# What is required
Starting from the line with "Dalle du garage, beaucoup" and going up to and including the line with "6054 GLENEAGLES DRIVE", copy the listing below exactly. Leave all images out.

# Supplied data
####################

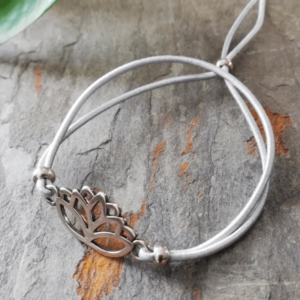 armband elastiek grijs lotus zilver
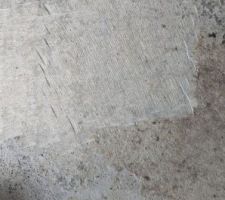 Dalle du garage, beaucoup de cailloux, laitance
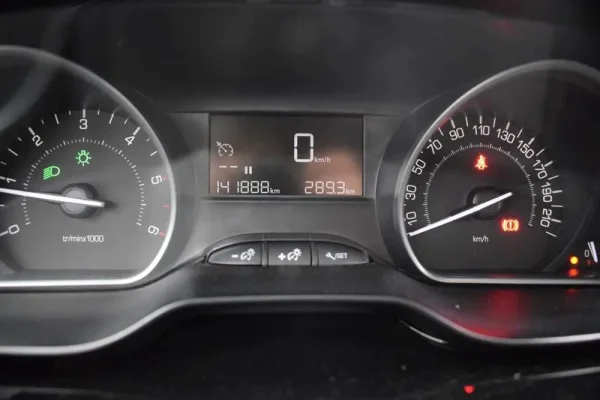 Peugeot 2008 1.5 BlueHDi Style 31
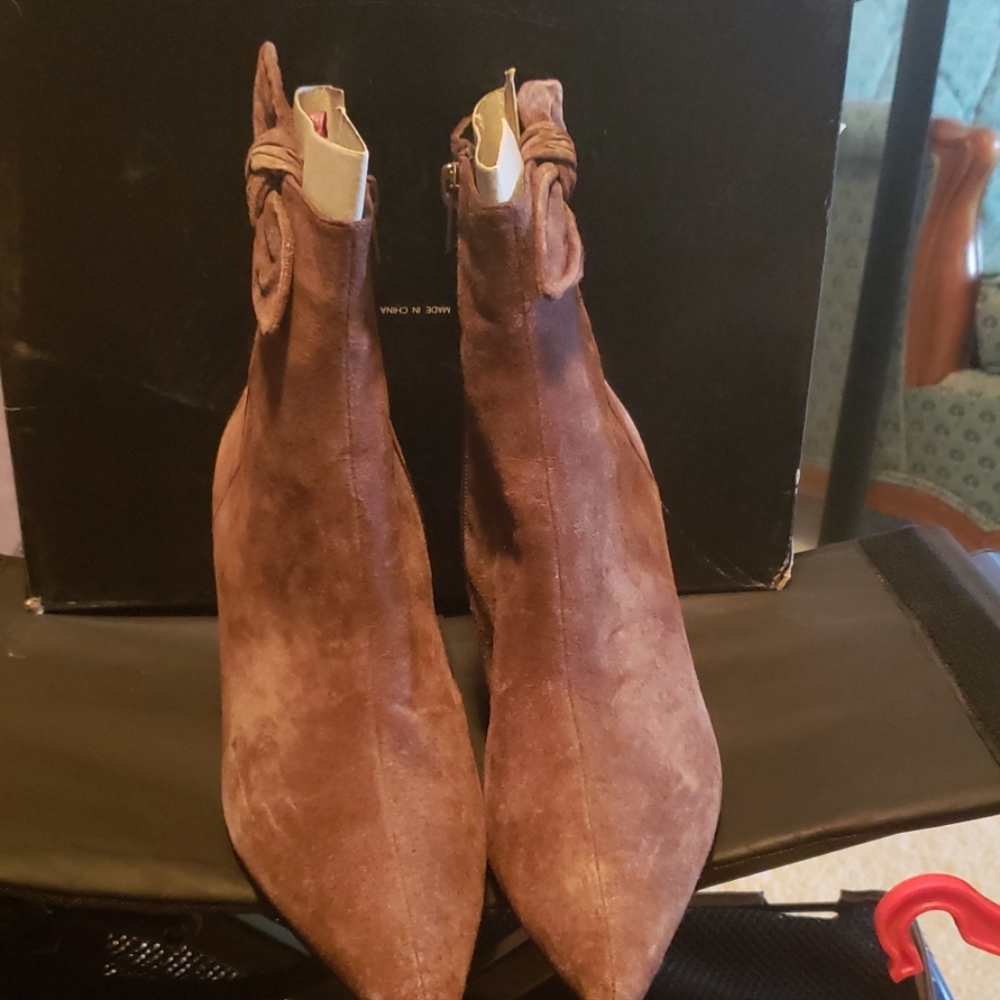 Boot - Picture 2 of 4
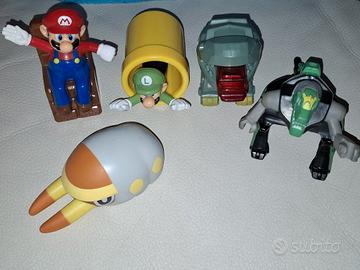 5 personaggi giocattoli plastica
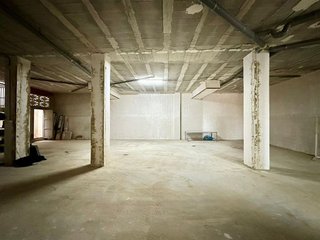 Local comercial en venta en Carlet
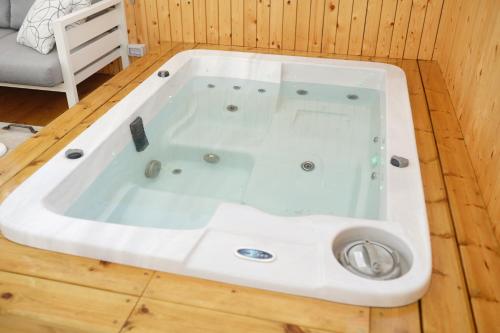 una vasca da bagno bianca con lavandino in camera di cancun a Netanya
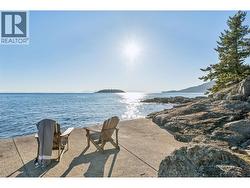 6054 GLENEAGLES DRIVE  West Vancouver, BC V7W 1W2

####################

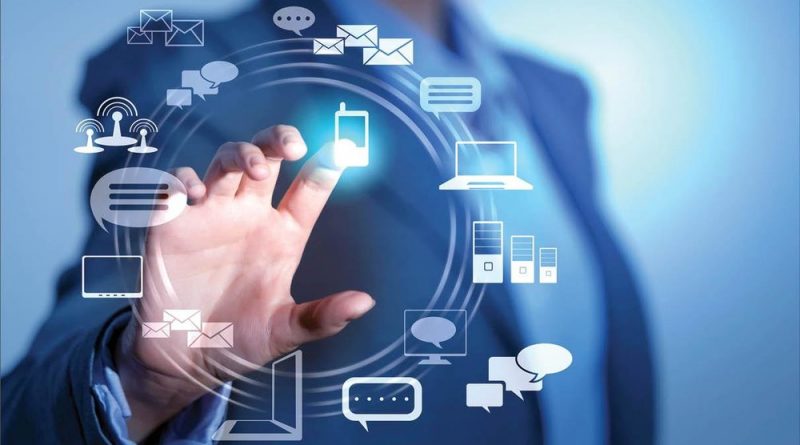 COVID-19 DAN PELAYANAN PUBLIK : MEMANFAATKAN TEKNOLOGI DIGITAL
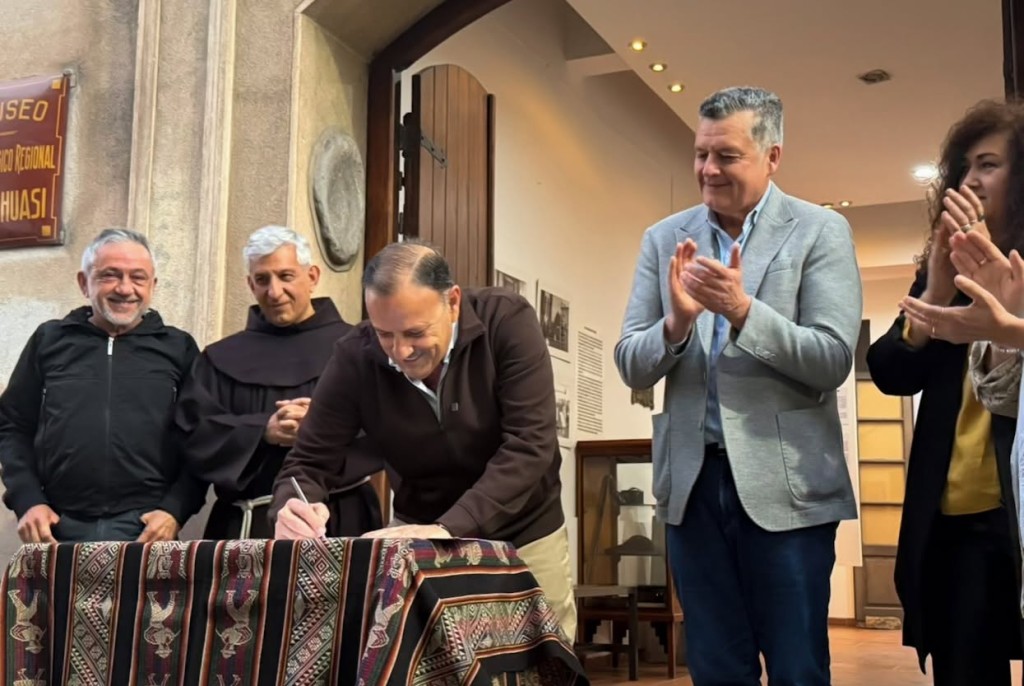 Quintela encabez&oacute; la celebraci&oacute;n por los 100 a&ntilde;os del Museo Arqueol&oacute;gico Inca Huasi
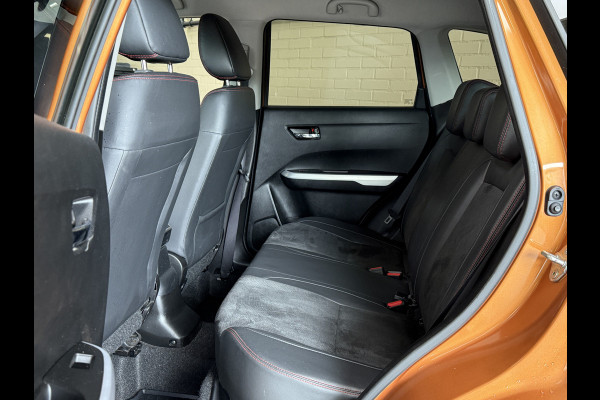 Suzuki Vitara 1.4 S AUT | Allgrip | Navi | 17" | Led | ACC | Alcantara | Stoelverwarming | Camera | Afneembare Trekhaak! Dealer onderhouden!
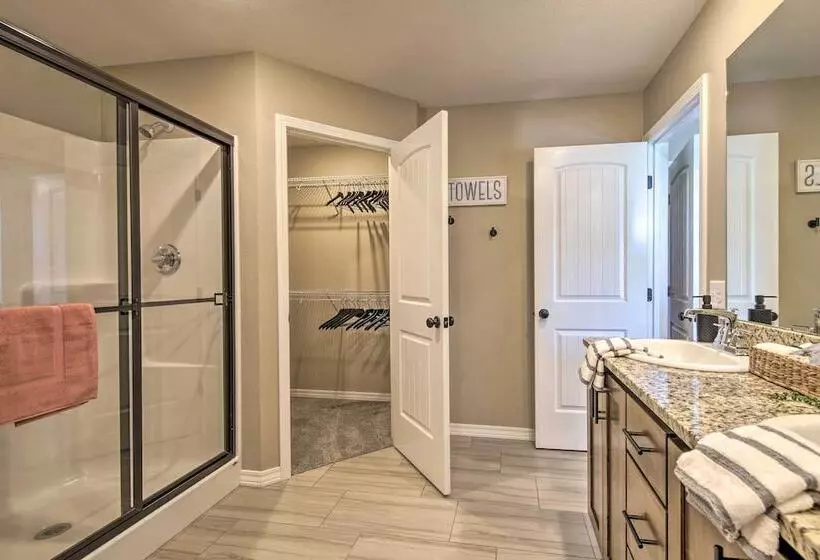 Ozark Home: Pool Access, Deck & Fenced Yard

####################

# Exercise result
 Dalle du garage, beaucoup de cailloux, laitance
 Peugeot 2008 1.5 BlueHDi Style 31
 Boot - Picture 2 of 4
 5 personaggi giocattoli plastica
 Local comercial en venta en Carlet
 una vasca da bagno bianca con lavandino in camera di cancun a Netanya
 6054 GLENEAGLES DRIVE  West Vancouver, BC V7W 1W2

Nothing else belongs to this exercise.